Once a court order or final divorce judgment has been entered by a Judge, the terms contained therein become enforceable. This means that if one party does not comply with the agreement, the other party can go back to Court and seek enforcement. For example, if an order provides that one party is to pay the other $1,000.00 per month for child support and the supporting party fails to do so, the receiving party can go back to Court and request that the order be enforced so the support is paid.
What is Enforceable?
The only enforceable terms are those contained in a court order or agreement that has been entered in Court. Verbal agreements/modifications to the original order cannot be enforced by returning to Court. Using the earlier example, if an order provides that one party is to pay the other $1,000.00 per month for child support and the parties later verbally agree to increase the amount to $1,500.00 per month, the original amount ($1,000.00) is the enforceable term. Therefore, if the supporting party stops paying, the receiving party can only enforce the order at the $1,000.00/month rate.
What gets filed to enforce an order?
In order to enforce terms of a court order, one party usually files a Petition for Rule to Show Cause or a Petition for Contempt (“Petitions to Enforce”). Both are similar in that the filing party is asking that the non-complying party be held in contempt and forced to comply with the order.
What is the process after a Petition to Enforce is filed?
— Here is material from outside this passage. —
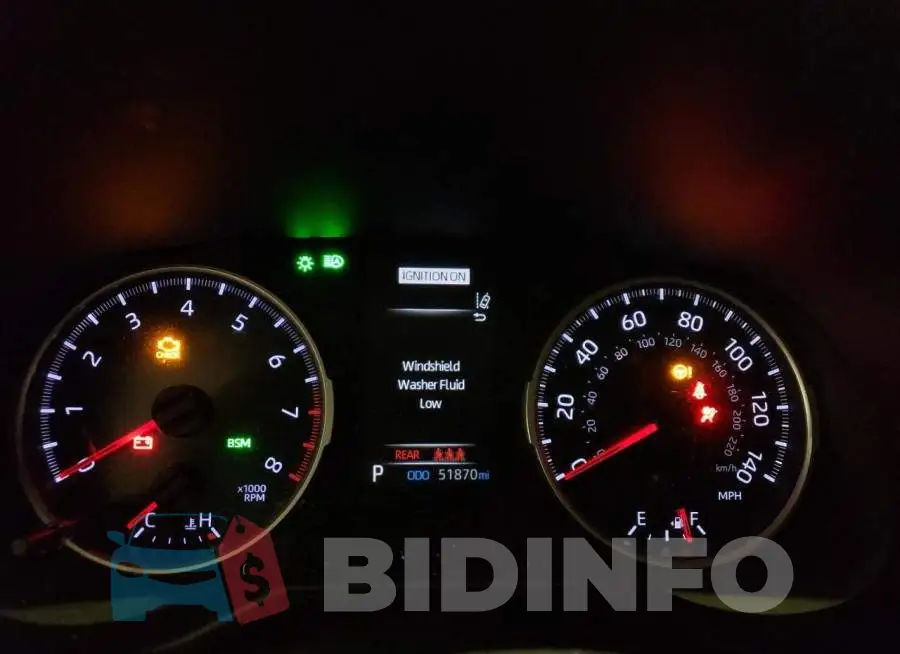 2T3A1RFV8KW083474 Photo# 9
Once filed, the filing party must demonstrate the order was not followed. This can be as simple as signing the Petition swearing, under oath, (“Verified Petition”) that the other person has not complied. The burden then shifts to the alleged violator to show sufficient cause as to why the order was not followed. The alleged violator can show that the order was followed or that there is compelling cause and justification why the order was not followed. For example, perhaps the person who was ordered to pay the child support had been injured and was not earning income for a period of time and, hence, unable to pay the support.
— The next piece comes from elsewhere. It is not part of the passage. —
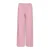 KIDS ONLY GIRL wide leg casual broek roze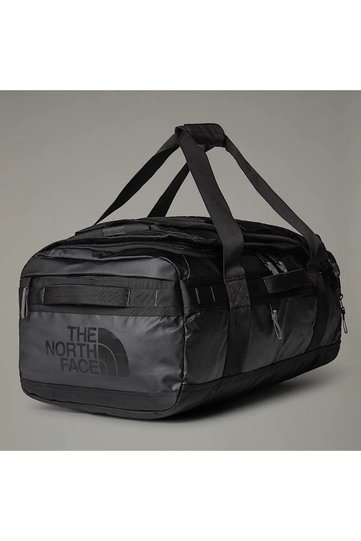 Nf Mens Duffel Bags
What can the Court do after a Hearing on a Petition to Enforce?
After hearing the evidence, if the Court finds that the alleged violator has not shown compelling cause or justification for his/her non-compliance, the Court can find the person in contempt and then set a penalty and a way for the person to end the penalty. For example, if the Judge finds that the violating party did not show sufficient cause for not paying child support, the person can be remanded (placed in custody) with the Sheriff’s department and then set a fixed amount (a “purge”) that must be deposited in order to be released. Once these funds are deposited, the person is released from custody and the funds are given to the party who filed the Petition to Enforce to satisfy the amount he/she was supposed to receive pursuant to the original order.
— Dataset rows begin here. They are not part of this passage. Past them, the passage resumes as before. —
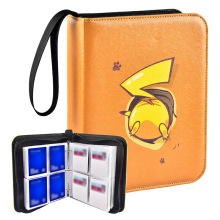 ������4��440�Α򿨃Ԍ��ɉ������ռ{PUƤ����朰��Ōm�񿨃�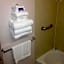 Richmond Inn and Suites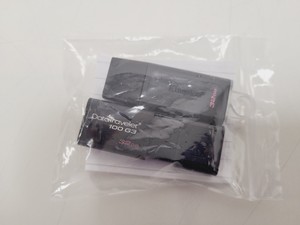 Thumbnail image of SPTLabTech Mosquito LCP Liquid Handling System with Humidity Chamber & Software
The Court can also determine that the violating party has shown sufficient cause for not complying. If this occurs, the party still must comply with the order. However, the violating party will not be penalized by being taken into custody as he/she would be if there were not sufficient justifications for the noncompliance.
If the Court finds that one party has violated a Court Order and has not shown sufficient cause or justification for his/her non-compliance, the Illinois Marriage and Dissolution of Marriage Act provides that the Court must award the injured party reasonable attorney’s fees incurred for seeking enforcement.
In your family law case, if the Court enters an Order or Agreement then you can seek enforcement if the other party does not comply. Whether it is the failure to pay child support, or a party not selling real estate as agreed, or not allowing you the parenting time you are scheduled to have, you can easily seek enforcement by the Court. If the violating party cannot show good cause for his/her failure to comply, you can be awarded the fees you incurred in bringing the enforcement action.